The problem: The exercise calls for the lines from the one containing "Beer brewery knowledge: Difference" to the end of the data below to be output exactly, pictures excluded.

Data records:

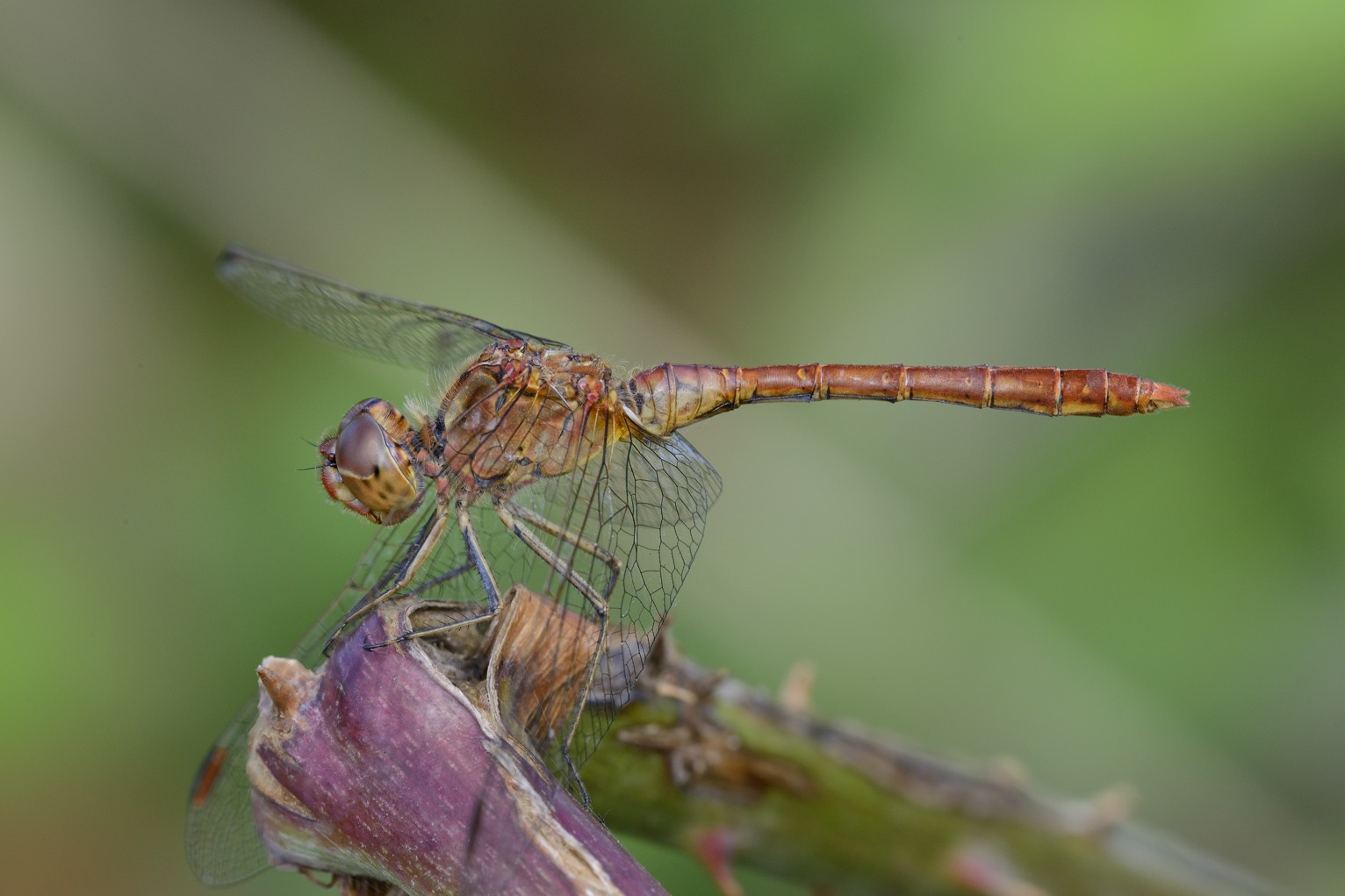 Dubbio vulgatum: Sympetrum meridionale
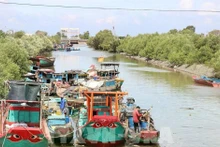 El Comité Popular de la provincia de Dong Thap está implementando el "Proyecto para transformar algunos oficios relativos a la explotación acuática que afectan los recursos marinos y el entorno ecológico" (Foto: VNA)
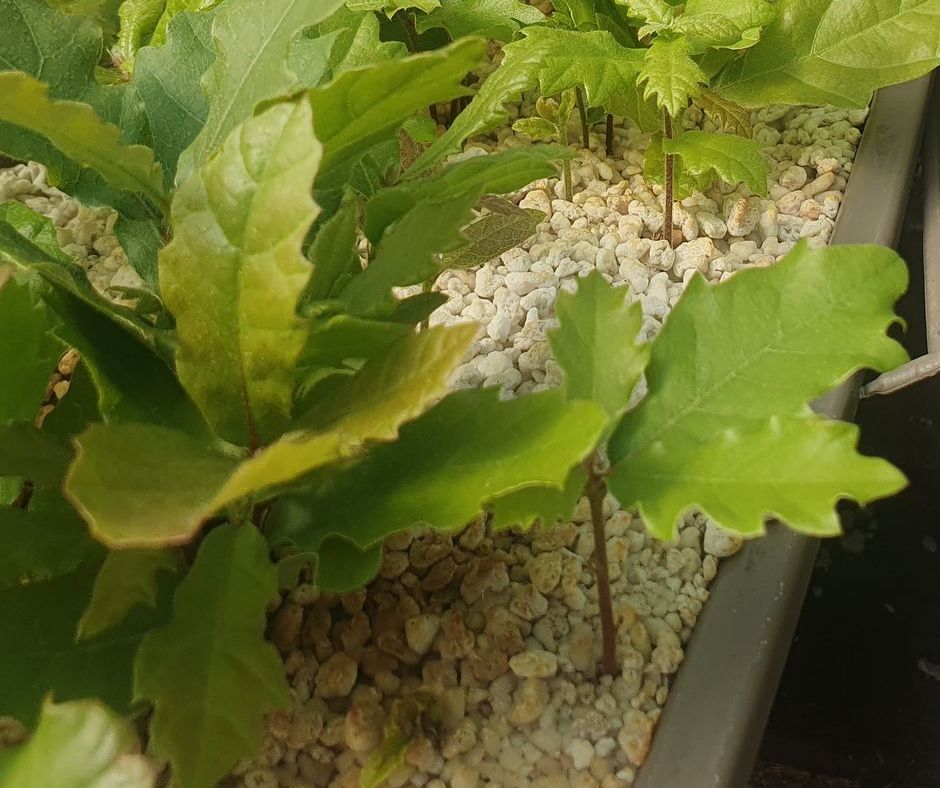 blatt von der roteiche, grün mit roten rändern gefärbt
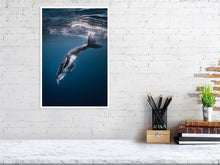 Load image into Gallery viewer, 4848578-1116009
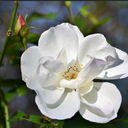 White Rose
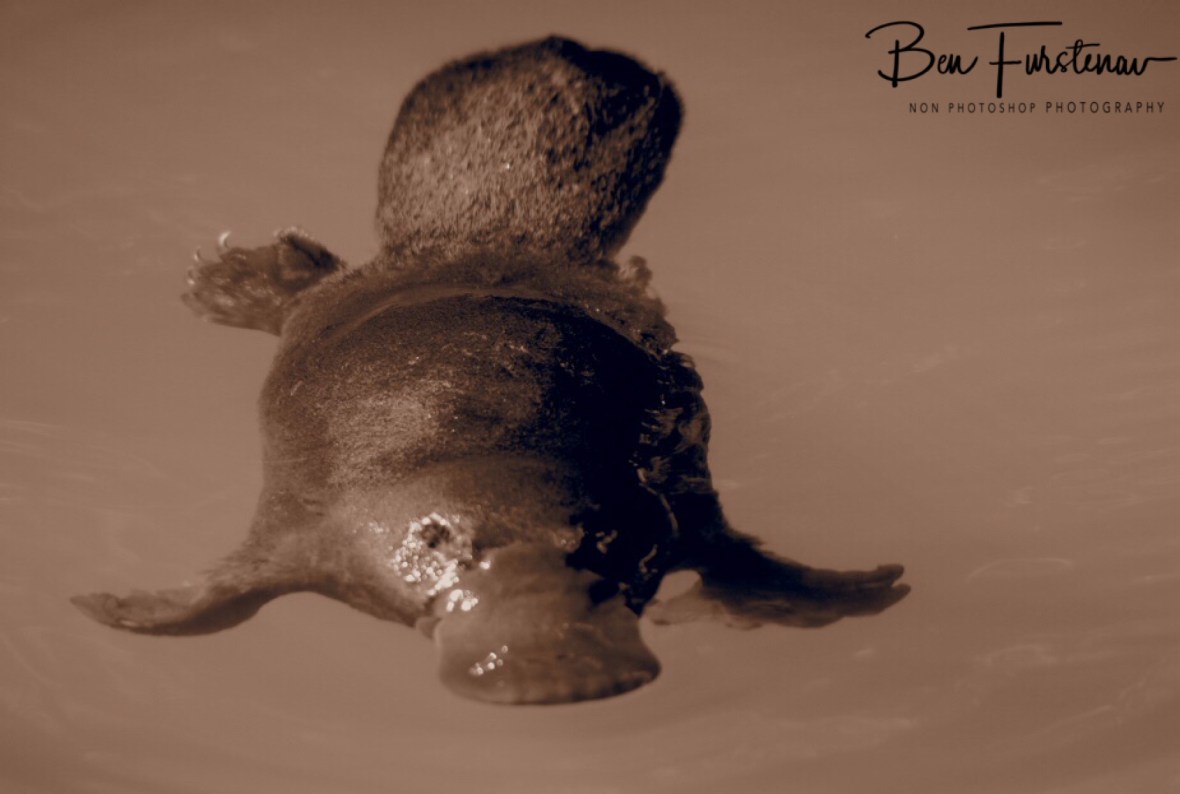 Platypus in sepia at Yungaburra, Atherton Tablelands, Far North Queensland, Australia 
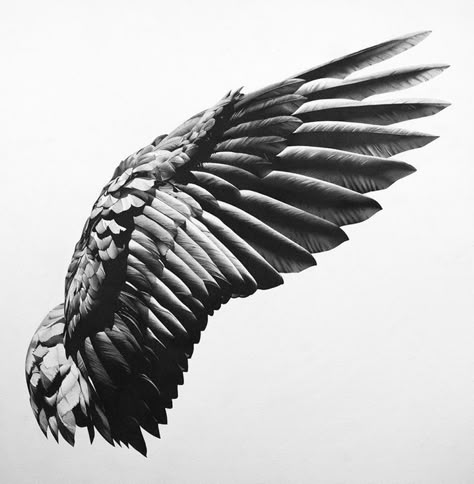 Tattoo Designs Dark, Dark Angel Tattoo, Eagle Wing Tattoos, Beginner Tattoos, Angel Wings Art, Wing Tattoo Designs, Wings Drawing, Dark Wings, Wing Tattoo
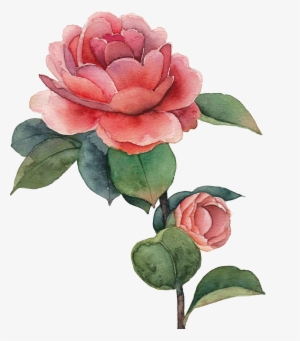 Watercolor Painting Drawing Centifolia Roses - รูป สี น้ำ ดอกไม้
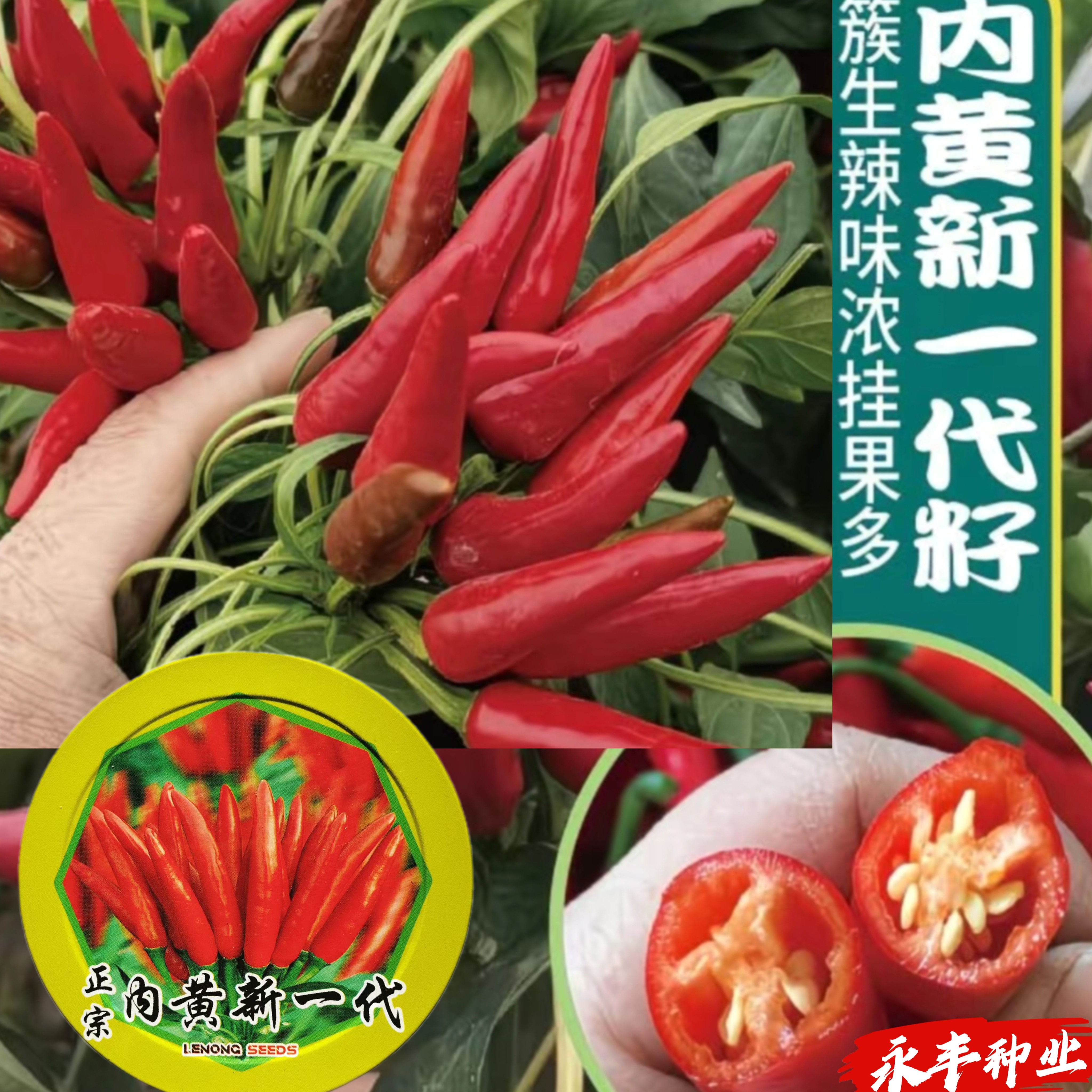 内黄新一代朝天椒种子早熟高产抗病耐热耐湿皮厚籽多辣味浓
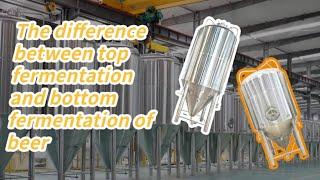 Beer brewery knowledge: Difference between top fermentation process and bottom fermentation process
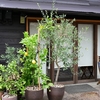 鎌倉の古民家イタリアン「かど屋」　落ち着いた雰囲気の中ランチを堪能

Task result:
 Beer brewery knowledge: Difference between top fermentation process and bottom fermentation process
 鎌倉の古民家イタリアン「かど屋」　落ち着いた雰囲気の中ランチを堪能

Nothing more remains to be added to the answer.